Auch die Union weiß: Der Gedanke vom freien und fairen Bildungswettbewerb existiert nur in der Theorie. Denn die Länder haben mit recht unterschiedlichen Problemen zu kämpfen. Das Sozialgefälle ist enorm, die Finanzkassen sind höchst unterschiedlich gut gefüllt; all das hat Auswirkungen bis in die einzelnen Klassenzimmer.
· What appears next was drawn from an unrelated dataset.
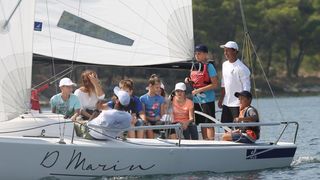 Zlatni olimpijci Fantela i Marenić družili se sa šibenskom djecom povodom dana jedrenja. Photo: Duško Jaramaz/PIXSELL Zlatni olimpijci Fantela i Marenić družili se sa šibenskom djecom povodom dana jedrenja. Photo: Duško Jaramaz/PIXSELL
Die Bildungsexperten erklären zwar, dass es keinen direkten Zusammenhang gibt zwischen dem Bildungsetat der Länder und dem, was dabei herauskommt, aber es gibt offenbar eine Art „Stimmungszusammenhang“: Dort, wo die finanzielle Situation besser, die Arbeitslosigkeit geringer, die Perspektiven größer sind, sehen Schüler mehr Sinn im Lernen, dort gibt es offenbar eine bessere Schulkultur. Und auf die kommt es, jenseits der ideologischen Grabenkämpfe, vor allem an: ob Lernen zum Frust führt oder ermutigt, ob Schule selektiert oder unterschiedliche Begabungen intelligent fördert. Wie wenig dies mit dem schlichten Denken in Schwarz-Rot zu tun hat, zeigen Baden-Württemberg und Rheinland-Pfalz. Beide Länder sind unideologische Wege gegangen, mit Erfolg. Baden-Württemberg hat mit dem Berufsgymnasium geschafft, wovon viele SPD-regierte Länder träumen: den Weg zum Abitur auch für die unteren Schichten zu öffnen – bei vergleichsweise hohem Leistungsstandard.
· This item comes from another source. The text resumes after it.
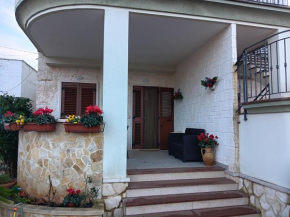 B&B Cardone Locorotondo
Die Beispiele zeigen, dass der Föderalismus im Bildungssystem sein Gutes hat. Um Reformen allerdings kommt kein Bundesland herum. Der Bund kann – und soll – dabei helfen. Zum Beispiel mit Finanzspritzen, die an konkrete Vorgaben gekoppelt sind, wie jetzt für die Ganztagsschulen. Auch ein unabhängiger nationaler Bildungsrat, der Konzepte für die Modernisierung von Unterricht und Schule entwickelt, ist sinnvoll, nationale Mindeststandards ebenso. Für all das muss man nicht die Verfassung ändern – nur über ein paar ideologische Hürden springen. Ganz sportlich.